▶ [Directions]:
Once the line with "Colar Menino Cravejado Banhado em Ouro 18K" is found, write it out along with each later line exactly, through the end of the entries, skipping every picture.

(Records drawn from a dataset)
##############################

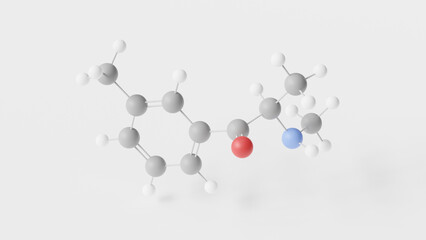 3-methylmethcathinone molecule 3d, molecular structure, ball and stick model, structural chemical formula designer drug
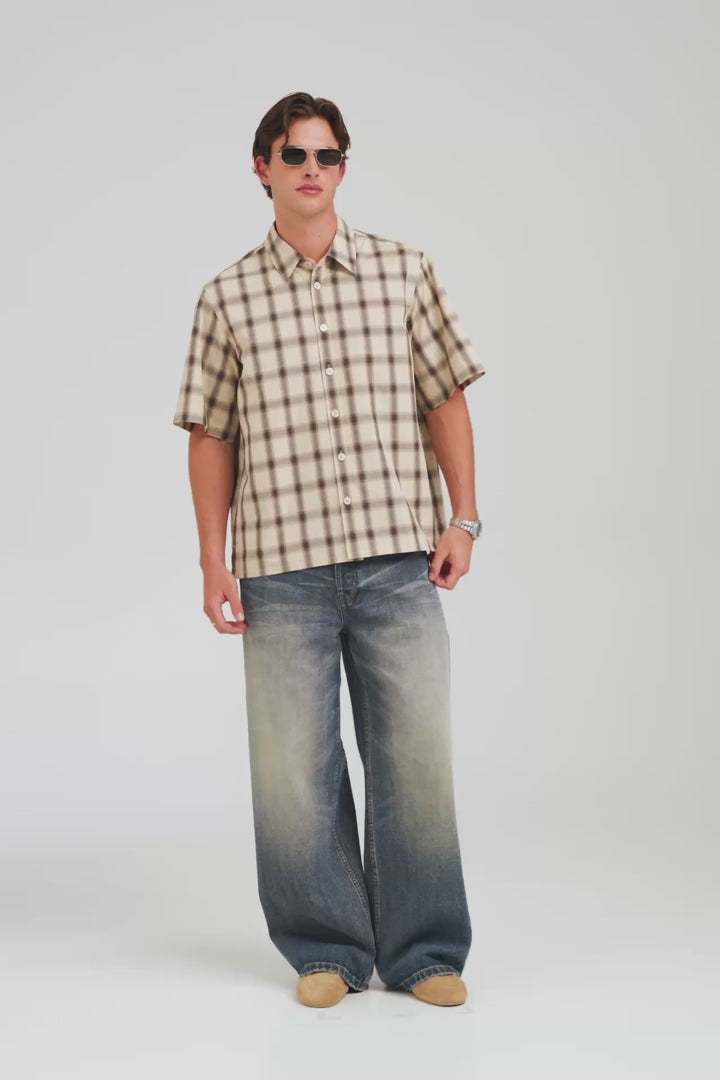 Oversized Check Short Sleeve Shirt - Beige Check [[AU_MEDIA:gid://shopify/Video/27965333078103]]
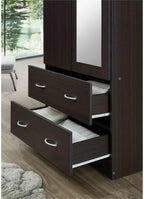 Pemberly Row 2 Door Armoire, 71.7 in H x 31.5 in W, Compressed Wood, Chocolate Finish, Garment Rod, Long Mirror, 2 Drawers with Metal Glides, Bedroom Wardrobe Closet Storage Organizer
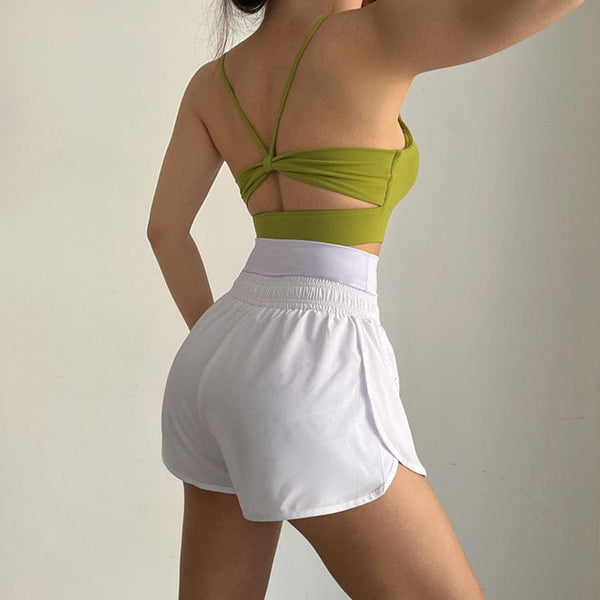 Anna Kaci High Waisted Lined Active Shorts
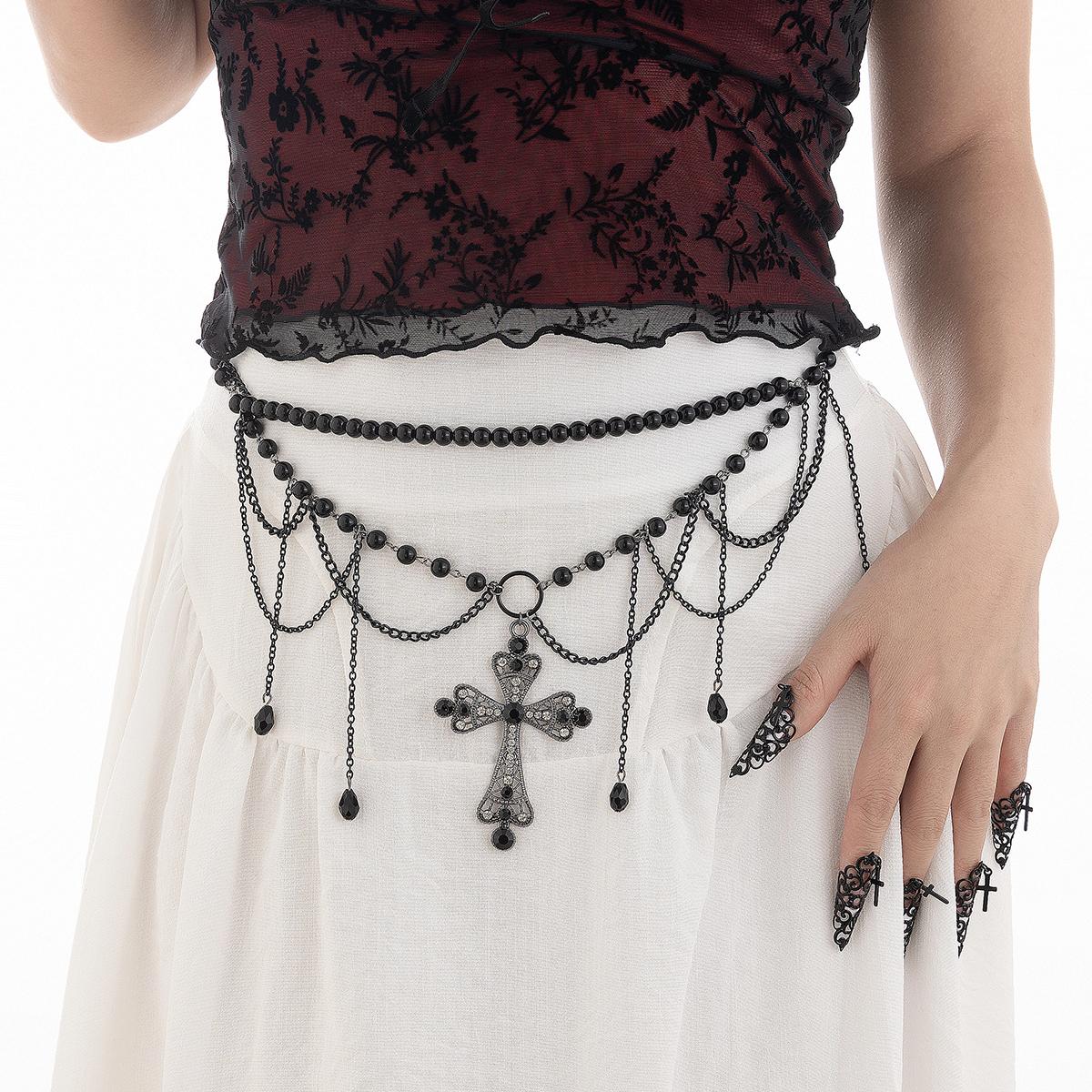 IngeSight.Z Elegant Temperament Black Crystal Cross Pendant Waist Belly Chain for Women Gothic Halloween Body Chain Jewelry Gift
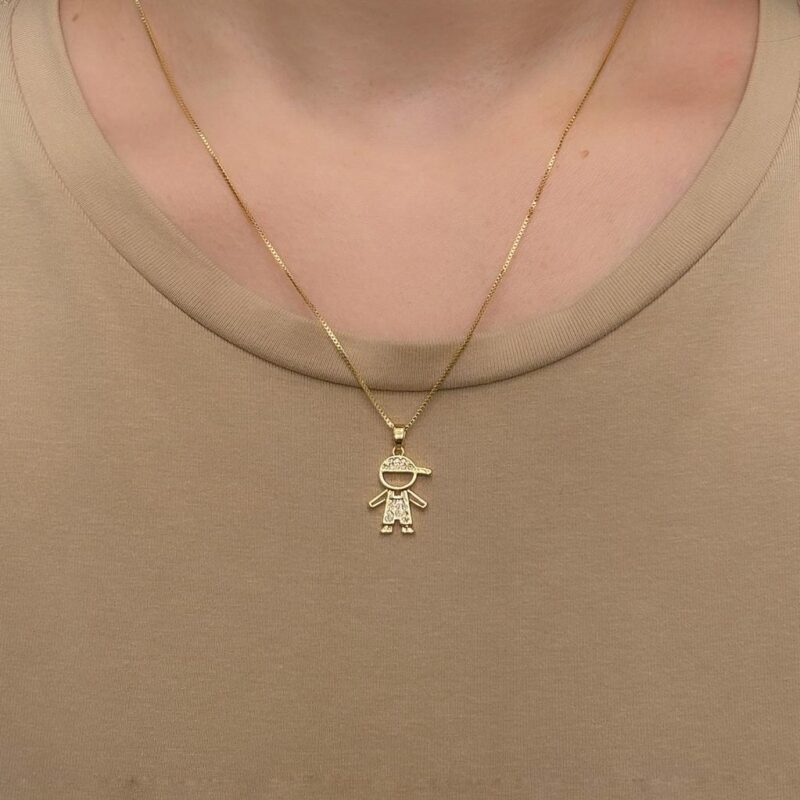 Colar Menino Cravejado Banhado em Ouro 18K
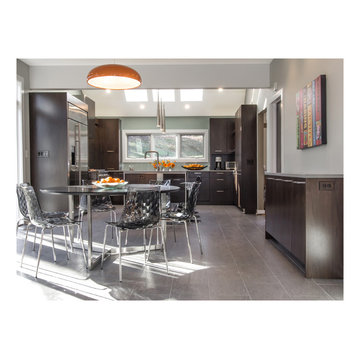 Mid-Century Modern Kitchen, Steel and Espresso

##############################

▶ [Problem solution]:
 Colar Menino Cravejado Banhado em Ouro 18K
 Mid-Century Modern Kitchen, Steel and Espresso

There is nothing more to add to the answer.